Pages

Labor clouds PAL future



By AMADO P. MACASAET

July 24, 2010

Philippine Airlines, the national flag carrier, is undoubtedly the most overstaffed airline in the world.

With only 39 aircraft for domestic and international operations, it has 7,500 people in its payroll. That averages 192 employees per airplane. Worldwide, the average is 100 to 120.

As if the large number were not bad enough, PAL’s labor force is probably the most strident in the airline industry all over the world.

In 1998, PAL retrenched thousands of employees including 1,400 cabin crew personnel. They accepted the retirement pay in amounts somewhat more than what the law requires.

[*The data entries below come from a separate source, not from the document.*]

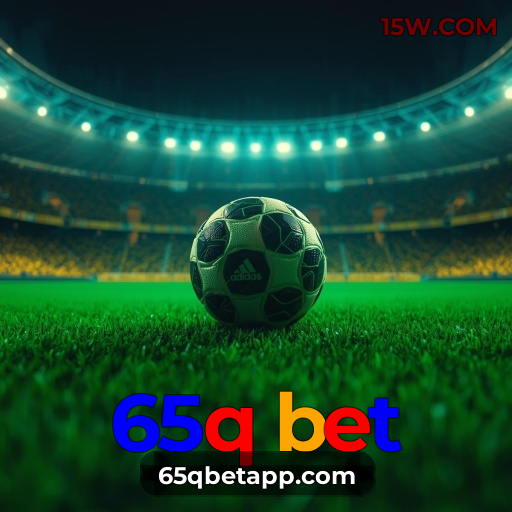 Níveis do programa VIP da 65q bet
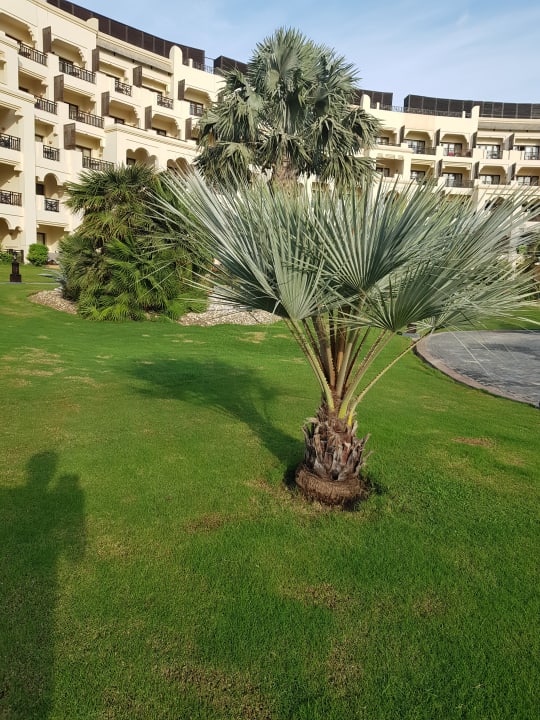 Gartenanlage Steigenberger ALDAU Beach Hotel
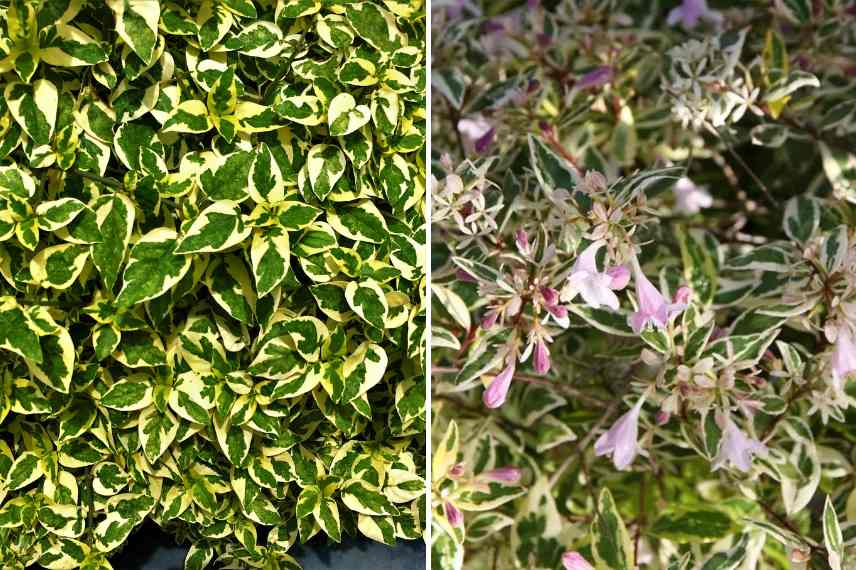 abélia feuillage panaché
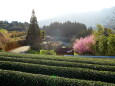 春、山の茶畑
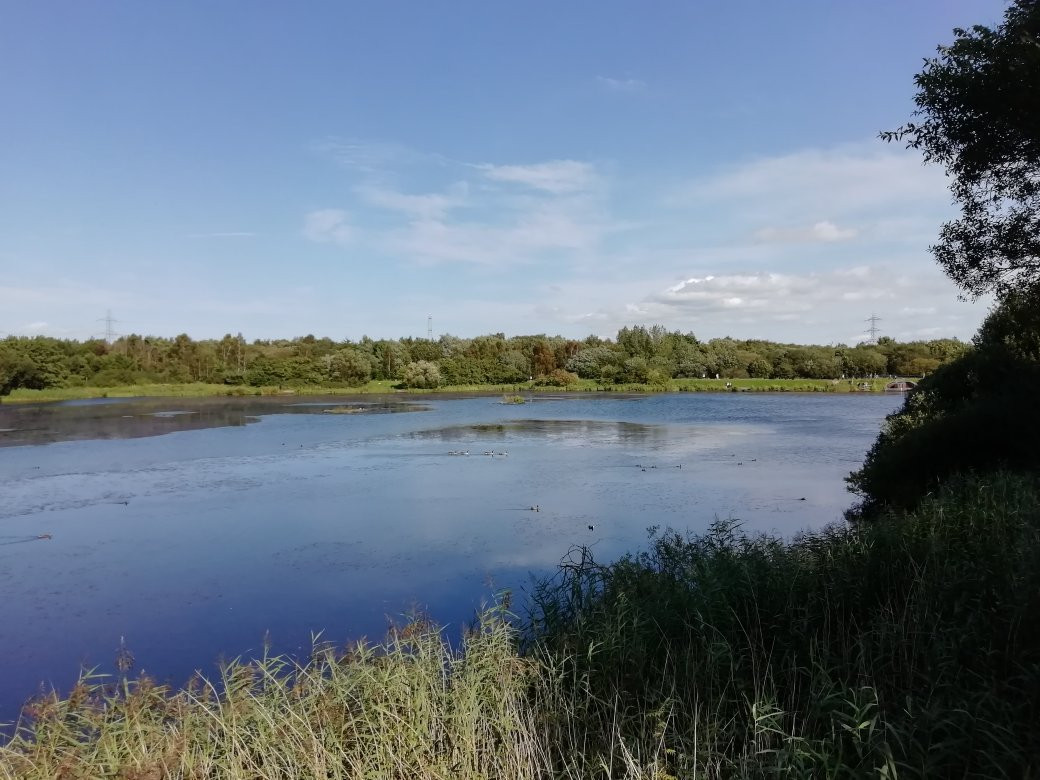 Blackleach Country Park景点图片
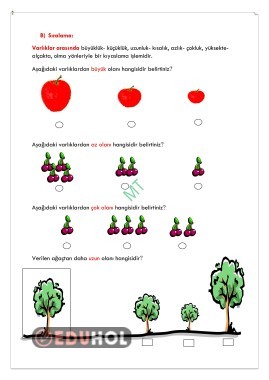 Varlıklar Arasında İlişki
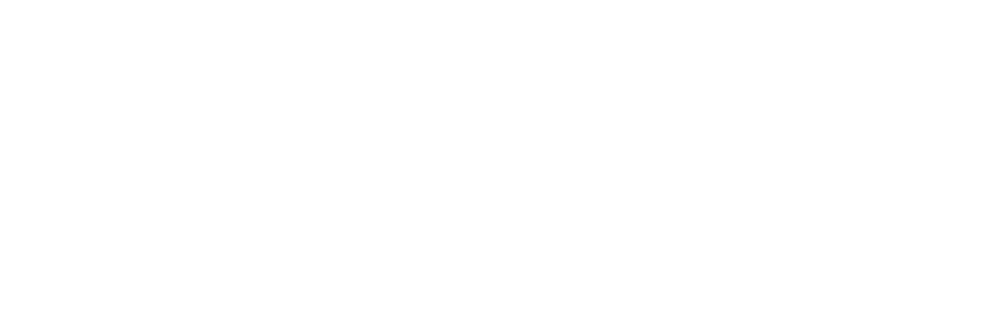 Logo von belaruswomen.org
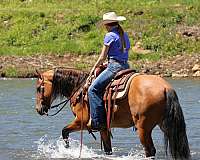 ranch-work-friesian-horse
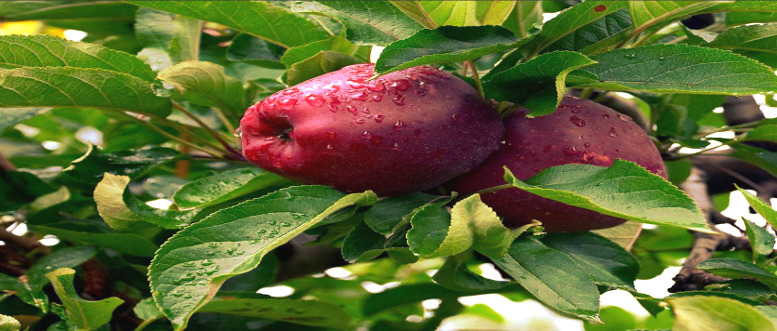 Screenshot youtube.com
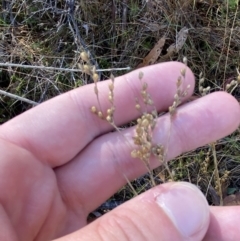 Juncus subsecundus (Finger Rush) at Rendezvous Creek, ACT - 27 May 2023 by Tapirlord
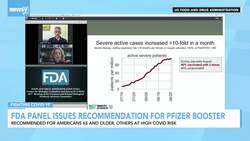 U.S. Panel Backs COVID-19 Boosters Only For Elderly, High-Risk News Clip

They signed quit claims which by any stretch of the imagination leaves PAL in peace.

The quit claim provides in very clear terms that the furloughed employee "hereby voluntarily, irrevocably, and unconditionally release and forever discharge PAL and PAL owners, partners, stockholders, predecessors, successors, assigns, agents, insurers, directors, officers, employees, representatives, subsidiaries affiliates and all persons … from any and all complaints, claims, demands, liabilities or rights…"

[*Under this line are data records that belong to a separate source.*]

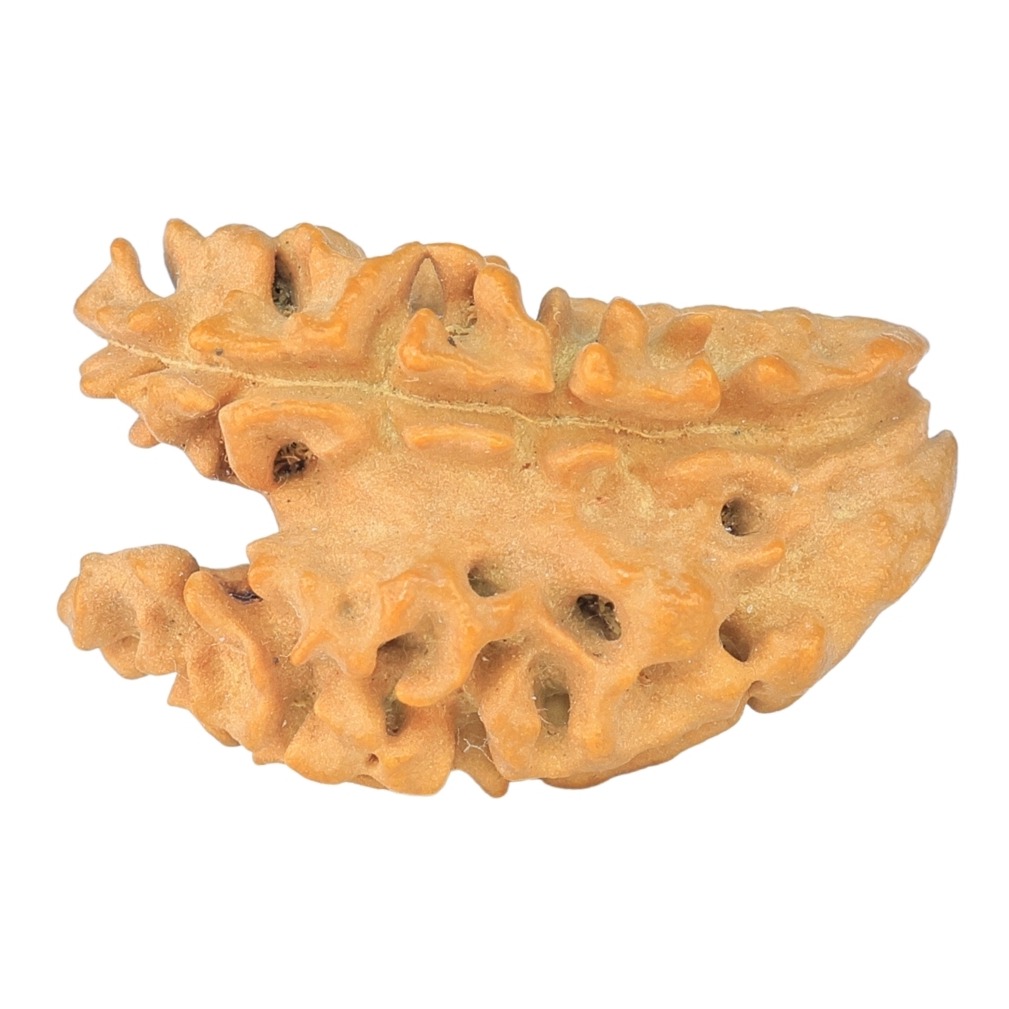 1 Mukhi Rudraksha: Understanding Its Symbolism, Spiritual Purpose and Authenticity 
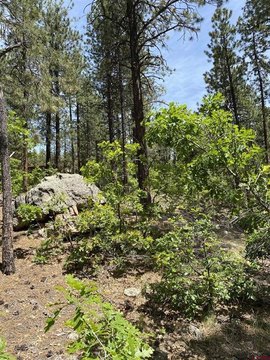 Land For Sale, Durango, CO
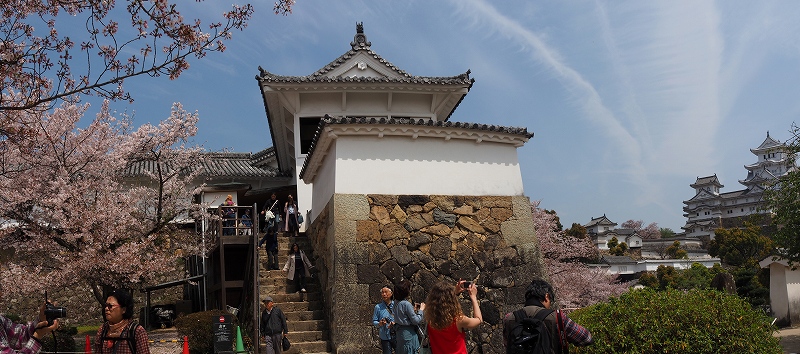 姫路城の桜　西の丸化粧櫓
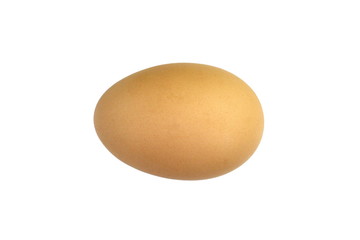 Raw Egg on White Background.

Unmindful of their commitments, the members of the Flight Attendants and Stewards Association of the Philippines (FASAP) went to court asking for reinstatement.

The National Labor Relations Council ruled in favor of PAL. FASAP appealed to the Court of Appeals. The CA affirmed the ruling of the NLRC.

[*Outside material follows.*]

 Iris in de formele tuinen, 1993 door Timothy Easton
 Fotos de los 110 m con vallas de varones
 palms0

The case went up to the Supreme Court on appeal.

On July 22, 2008, the Supreme Court reversed the decisions of the NLRC and the CA. It found PAL guilty of illegal dismissal. PAL filed a motion for reconsideration. The motion was denied.

A second motion for reconsideration is now pending resolution in the Supreme Court.

While the case is pending resolution, a labor arbiter made the illegal conclusion that the ruling of the SC has become final. Forthwith, he issued a writ of execution ordering the NLRC sheriffs to reinstate 582 cabin crew personnel to their former positions.

The arbiter took the move in spite of the objection of PAL for NLRC to issue a writ of execution.

On July 5, 2010, the NLRC sheriffs, complying with the writ of execution, went to PAL’s ticket office in Cubao and other ticket offices, posted a sheriff’s notice of levy/sale on execution of personal property.

The sheriff also served notices of garnishment on the depositary banks of the airline.

PAL filed a motion for a restraining order with the NLRC which was granted on July 12, 2010. The TRO is valid for 20 days from date of issue or receipt by the parties.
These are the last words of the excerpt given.